と、いう会話は、大学に通った経験のある人間ならば誰しもが交わしたことがあるんじゃないかと思います。私も4年間の大学生活の間に、少なくとも5人は大学を辞めるか、辞めたという経歴の持ち主と知り合いました。高校までと違って、大学を辞めるという選択はしやすいものなのかもしれません。当人にとって容易い選択か、というのはさておき。

そう思っていた矢先、本日の朝日新聞の朝刊、教育の面に載った記事に、私は少しばかり驚いてしまいました。

優秀だったはずの長男が、大学を休みがちになり、自殺をしようとしたという東京都の女性の記事。記事の内容自体に驚いたわけではなく、これが「いま親たちは 不登校と向き合う」というシリーズタイトルのコラムとして掲載されていたことに驚きを隠せませんでした。大学に行かないのが登校拒否になるのか、大学ってそもそもそういうところだったっけ。

記事によると、大学に行きたがらなくなった長男はいわゆる「全然手がかからない子」だったといいます。それが進学校へ入り、周囲と自分との差を目の当たりにして自信を失い、それから何かしたいことがあるというわけではなく、大学へは行くものだという考えのもと手の届く範囲の私大へ進学。行かなければ、という気持ちや義務感があったものの、どうしても大学へ行けなくなってしまったといいます。

記事には載っていないので定かではありませんが、いじめや人間関係の不和があったというわけではなさそうで、本人にも大学へ行こうと思えない理由がわからないそう。

さて、話は冒頭に戻りますが、私の周囲で大学を辞めていった面々の事情は様々です。留年が決まって学費を払える見通しが無い、というものが多数派。表面だけくみ取るとそうなりますが、そもそもなぜ留年が決まったのかと言えば、他にやりたいことがあってそちらに熱中した結果、大学へ行っている時間が無かった、という人が多いように思います。

そういう人たちでも辞めるときは多かれ少なかれ大変な思いをしていましたが、一度退路を断った後はそれぞれ活き活きしていました。大学を辞めて生活できなくなっていたり、まして死んでしまった人は、私の周囲には今のところいません。みんななんとか生きてます。それは、各々やりたいことを見つけて、そのために生きているからだと思うのです。
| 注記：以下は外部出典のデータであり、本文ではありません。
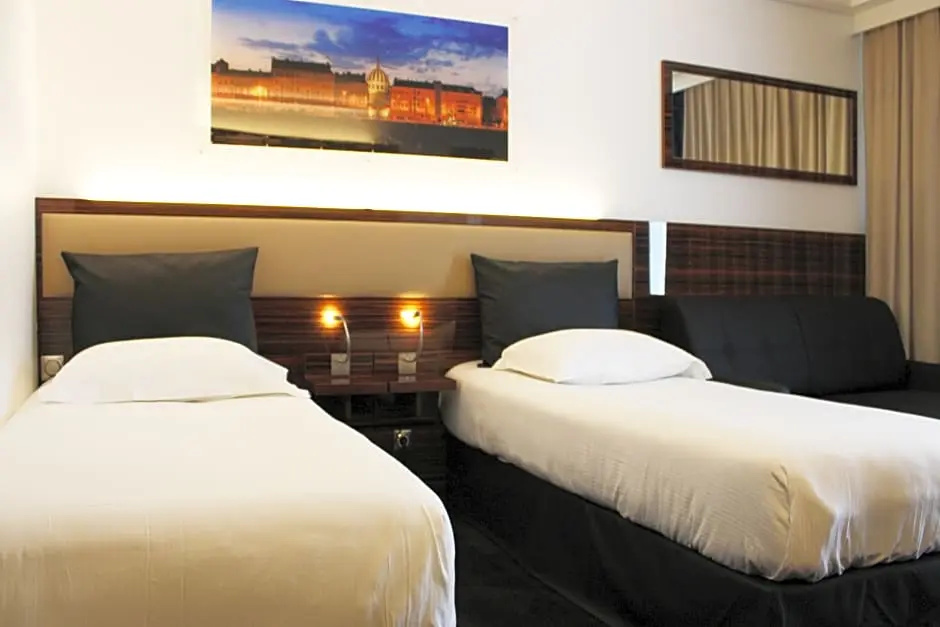 Westotel Nantes Atlantique - Chambres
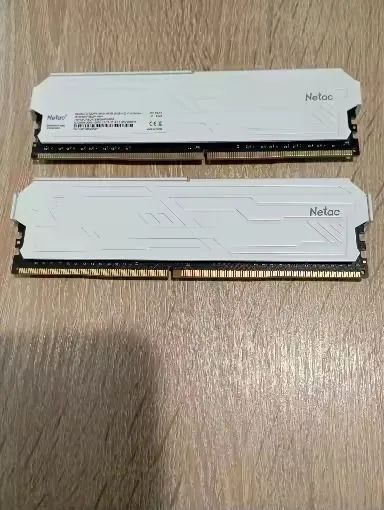 Memória RAM Netac Shadow III DDR4 16GB (2x8GB) 3200MHz NOVA - Foto 3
この記事を読んでいる方の中で、今大学生という方はどれくらいいらっしゃるでしょうか。何がしたくて、その学校を選びましたか。今していることが楽しいですか。大学の勉強以外で、何か興味のあることがありますか。

大学って、何を勉強する学校なんでしょうか。なぜ小学校や中学校のように、「義務」教育とは呼ばれないのでしょう。暇にしようと思えば限りなく時間があり、忙しくしようと思えば全く足りない4年間は、何に使う4年間なのでしょう。志望校だ、受験だと言っていた高校3年生のあのとき、あなたが目指していたものは何ですか。そこに「大学」って本当に必要でしたか。

学力低下が騒がれ、あげく文系学部の存在意義まで問われ始めている昨今。「大学」という機関が何を意図してつくられたものなのか、そして自分にそれが本当に必要か。回答は人それぞれになると思いますが、大学進学が一般的と言われるようになった今だからこそ、もう一度考えてみてほしいのです。